The post also argued that the combination of TVL dominance, fee generation, institutional integrations, and regulatory clarity positions the protocol not only as a DeFi leader, but also as a mainstream financial brand in the making.
With the protocol set to generate $141.8 million in revenue by 2025 and TVL controlling up to 60% of the DeFi lending market, Aave’s fundamentals appear to be proof of that theory.
Why is the Bank of Canada bullish on Aave?

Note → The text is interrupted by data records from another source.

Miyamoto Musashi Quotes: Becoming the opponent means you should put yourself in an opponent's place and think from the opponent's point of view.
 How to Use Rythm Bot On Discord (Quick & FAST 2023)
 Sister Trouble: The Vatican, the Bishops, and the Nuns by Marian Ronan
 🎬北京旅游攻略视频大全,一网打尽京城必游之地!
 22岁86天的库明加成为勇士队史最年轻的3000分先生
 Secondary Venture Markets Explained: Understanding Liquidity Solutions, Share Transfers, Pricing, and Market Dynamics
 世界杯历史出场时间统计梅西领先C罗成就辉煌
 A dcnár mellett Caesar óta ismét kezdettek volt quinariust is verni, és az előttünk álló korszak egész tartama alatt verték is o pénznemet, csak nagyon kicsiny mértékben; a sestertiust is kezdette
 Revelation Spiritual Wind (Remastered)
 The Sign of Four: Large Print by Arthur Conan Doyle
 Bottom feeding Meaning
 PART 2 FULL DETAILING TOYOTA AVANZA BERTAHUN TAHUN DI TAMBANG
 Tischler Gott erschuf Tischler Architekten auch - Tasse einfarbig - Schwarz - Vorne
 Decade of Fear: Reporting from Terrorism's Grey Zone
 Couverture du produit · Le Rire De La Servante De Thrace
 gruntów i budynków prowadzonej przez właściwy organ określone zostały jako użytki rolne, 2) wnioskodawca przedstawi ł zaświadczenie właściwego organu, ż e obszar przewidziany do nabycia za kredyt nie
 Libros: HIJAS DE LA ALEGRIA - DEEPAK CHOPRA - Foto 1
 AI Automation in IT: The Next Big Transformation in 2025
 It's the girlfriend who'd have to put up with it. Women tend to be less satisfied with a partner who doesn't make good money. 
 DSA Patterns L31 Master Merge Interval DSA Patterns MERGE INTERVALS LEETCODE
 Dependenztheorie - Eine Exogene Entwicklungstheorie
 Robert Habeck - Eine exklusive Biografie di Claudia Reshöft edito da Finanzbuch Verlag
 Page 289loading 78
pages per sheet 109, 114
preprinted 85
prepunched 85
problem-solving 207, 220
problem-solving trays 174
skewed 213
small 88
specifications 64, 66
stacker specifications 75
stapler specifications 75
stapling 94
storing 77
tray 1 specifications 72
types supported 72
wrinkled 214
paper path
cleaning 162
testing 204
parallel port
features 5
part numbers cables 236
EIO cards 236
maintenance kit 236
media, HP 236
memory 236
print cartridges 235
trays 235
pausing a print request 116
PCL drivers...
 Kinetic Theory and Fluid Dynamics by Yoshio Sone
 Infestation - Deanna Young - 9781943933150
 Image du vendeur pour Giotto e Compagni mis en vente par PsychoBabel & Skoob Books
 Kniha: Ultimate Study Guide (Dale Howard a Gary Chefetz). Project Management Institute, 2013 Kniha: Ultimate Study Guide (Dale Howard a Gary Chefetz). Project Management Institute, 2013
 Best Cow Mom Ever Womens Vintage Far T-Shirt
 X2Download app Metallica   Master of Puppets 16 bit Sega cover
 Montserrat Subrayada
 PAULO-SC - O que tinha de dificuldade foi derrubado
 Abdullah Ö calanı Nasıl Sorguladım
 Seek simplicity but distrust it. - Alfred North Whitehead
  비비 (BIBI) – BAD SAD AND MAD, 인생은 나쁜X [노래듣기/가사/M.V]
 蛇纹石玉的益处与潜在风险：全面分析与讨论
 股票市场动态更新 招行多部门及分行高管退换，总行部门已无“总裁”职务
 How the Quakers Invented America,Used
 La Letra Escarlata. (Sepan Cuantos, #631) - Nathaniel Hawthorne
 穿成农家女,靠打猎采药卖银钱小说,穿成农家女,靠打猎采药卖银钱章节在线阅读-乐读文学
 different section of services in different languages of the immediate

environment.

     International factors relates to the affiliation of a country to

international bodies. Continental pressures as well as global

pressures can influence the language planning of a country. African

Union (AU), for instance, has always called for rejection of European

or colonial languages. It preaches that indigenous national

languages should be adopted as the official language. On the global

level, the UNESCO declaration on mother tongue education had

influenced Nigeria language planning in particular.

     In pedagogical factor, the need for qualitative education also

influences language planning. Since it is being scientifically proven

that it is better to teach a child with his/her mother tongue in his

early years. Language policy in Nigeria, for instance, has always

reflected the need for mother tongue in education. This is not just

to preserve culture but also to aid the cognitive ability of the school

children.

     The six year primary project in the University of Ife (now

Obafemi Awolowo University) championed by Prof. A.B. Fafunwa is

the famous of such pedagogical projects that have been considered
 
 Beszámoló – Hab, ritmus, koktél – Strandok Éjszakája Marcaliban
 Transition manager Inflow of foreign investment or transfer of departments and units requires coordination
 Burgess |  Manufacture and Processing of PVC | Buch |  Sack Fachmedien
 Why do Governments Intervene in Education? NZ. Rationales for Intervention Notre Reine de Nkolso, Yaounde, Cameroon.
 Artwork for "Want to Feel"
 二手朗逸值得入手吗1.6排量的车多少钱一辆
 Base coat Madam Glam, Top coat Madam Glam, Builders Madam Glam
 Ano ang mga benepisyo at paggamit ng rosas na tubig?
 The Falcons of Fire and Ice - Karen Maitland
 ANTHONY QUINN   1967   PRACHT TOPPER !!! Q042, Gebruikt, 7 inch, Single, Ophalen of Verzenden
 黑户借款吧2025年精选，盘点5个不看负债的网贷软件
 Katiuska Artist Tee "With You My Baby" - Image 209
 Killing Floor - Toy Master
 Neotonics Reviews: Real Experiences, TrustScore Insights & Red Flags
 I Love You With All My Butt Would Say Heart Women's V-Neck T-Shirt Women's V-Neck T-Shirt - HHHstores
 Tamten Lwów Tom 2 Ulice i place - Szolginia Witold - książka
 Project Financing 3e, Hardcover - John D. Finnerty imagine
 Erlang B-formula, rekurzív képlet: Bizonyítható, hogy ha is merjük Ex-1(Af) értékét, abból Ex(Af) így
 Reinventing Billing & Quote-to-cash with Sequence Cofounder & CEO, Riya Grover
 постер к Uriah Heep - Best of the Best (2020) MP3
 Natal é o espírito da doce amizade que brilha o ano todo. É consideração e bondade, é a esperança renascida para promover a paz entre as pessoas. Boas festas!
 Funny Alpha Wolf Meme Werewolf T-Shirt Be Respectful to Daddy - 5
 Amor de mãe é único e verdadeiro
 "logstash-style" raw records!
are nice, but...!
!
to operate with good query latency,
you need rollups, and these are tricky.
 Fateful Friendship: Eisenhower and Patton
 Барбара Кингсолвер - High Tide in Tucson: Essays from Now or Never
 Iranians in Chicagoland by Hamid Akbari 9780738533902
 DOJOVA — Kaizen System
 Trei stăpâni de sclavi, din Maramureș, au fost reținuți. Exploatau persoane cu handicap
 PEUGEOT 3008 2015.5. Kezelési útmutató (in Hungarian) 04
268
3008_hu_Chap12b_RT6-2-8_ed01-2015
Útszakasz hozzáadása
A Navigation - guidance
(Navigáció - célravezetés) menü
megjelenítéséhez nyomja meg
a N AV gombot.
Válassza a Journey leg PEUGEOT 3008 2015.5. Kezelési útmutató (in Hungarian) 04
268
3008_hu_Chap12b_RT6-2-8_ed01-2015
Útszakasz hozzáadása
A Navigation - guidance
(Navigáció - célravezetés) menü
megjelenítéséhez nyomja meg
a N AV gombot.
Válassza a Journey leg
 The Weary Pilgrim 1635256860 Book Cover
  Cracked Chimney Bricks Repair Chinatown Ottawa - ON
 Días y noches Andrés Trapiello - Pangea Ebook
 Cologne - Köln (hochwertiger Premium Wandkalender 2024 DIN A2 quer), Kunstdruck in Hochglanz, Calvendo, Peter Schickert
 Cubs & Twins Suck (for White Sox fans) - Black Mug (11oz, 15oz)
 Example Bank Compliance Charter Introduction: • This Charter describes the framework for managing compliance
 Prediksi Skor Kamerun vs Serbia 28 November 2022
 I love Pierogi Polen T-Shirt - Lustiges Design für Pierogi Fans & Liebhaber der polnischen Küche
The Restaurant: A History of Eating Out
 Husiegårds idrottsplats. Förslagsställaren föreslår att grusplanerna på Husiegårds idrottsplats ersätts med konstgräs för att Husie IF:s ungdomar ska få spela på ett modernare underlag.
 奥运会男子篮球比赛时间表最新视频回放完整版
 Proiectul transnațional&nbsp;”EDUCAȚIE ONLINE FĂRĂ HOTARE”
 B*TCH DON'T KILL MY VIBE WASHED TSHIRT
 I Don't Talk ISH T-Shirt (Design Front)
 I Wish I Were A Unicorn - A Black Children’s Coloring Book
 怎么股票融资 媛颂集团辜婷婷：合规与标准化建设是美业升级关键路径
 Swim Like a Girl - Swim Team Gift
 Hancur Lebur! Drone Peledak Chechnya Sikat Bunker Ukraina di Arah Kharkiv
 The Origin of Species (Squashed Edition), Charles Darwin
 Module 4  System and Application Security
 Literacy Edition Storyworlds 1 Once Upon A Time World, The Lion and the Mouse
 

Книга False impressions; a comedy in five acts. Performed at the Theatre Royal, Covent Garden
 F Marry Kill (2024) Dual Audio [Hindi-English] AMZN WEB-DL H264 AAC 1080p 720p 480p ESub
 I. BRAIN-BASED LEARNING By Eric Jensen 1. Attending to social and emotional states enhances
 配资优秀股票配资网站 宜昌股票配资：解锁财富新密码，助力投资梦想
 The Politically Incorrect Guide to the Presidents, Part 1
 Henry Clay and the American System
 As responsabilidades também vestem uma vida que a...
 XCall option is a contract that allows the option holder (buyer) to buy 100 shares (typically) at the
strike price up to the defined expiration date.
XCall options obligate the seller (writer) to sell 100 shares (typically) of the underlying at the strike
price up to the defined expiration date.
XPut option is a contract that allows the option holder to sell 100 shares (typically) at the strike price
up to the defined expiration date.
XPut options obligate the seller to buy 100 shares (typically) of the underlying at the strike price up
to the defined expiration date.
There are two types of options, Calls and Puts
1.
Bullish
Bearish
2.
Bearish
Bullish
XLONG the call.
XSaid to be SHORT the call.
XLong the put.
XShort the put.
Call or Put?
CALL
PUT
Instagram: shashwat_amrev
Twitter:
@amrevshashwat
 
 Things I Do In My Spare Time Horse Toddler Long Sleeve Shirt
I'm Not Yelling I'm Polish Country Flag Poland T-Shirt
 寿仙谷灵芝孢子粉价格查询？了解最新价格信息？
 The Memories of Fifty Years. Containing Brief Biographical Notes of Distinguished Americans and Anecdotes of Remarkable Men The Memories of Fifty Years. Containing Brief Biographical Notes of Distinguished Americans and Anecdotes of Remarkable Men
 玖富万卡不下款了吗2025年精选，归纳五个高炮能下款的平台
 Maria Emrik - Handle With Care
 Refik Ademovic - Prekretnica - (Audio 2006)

The Bank of Canada DeFi Lending: Returns, Leverage and Liquidation Risk paper, written by Jonathan Chiu and Furkan Danisman, was released as something unusual: an in-depth central bank study of a DeFi protocol using transaction data.
According to the paper, protocol revenue was concentrated in just a few tokens, with WETH, USDT and USDC accounting for approximately 83% of Aave’s total revenue.
Apparently, very active and wealthy users, who make up about 2% of the platform, were also involved in risky margin trading. Because these traders bet a lot of money to improve their trades, they get liquidated twice as fast as regular traders, which in turn causes large waves of liquidation during market downturns.
It is not unusual for borrowers to experience 10 to 30% of lost collateral in liquidations, with the ten largest liquidation waves accounting for over 80% of the total liquidated volume.
Nevertheless, the paper acknowledged that despite these risks and the platform’s issues with capital efficiency, liquidation risk and system fragility, they believe there is nothing wrong with the core technology and that only better rules and better management are needed to effectively tackle such extreme events.
However, it should be noted that the Bank of Canada article examined V3, not V4, which launched on Ethereum on March 30, 2026.
The transition to V4 has single-handedly become the most controversial issue in Aave’s recent history. If Aave manages to consolidate its governance and V4 delivers results, Grayscale’s claim about the name could be true.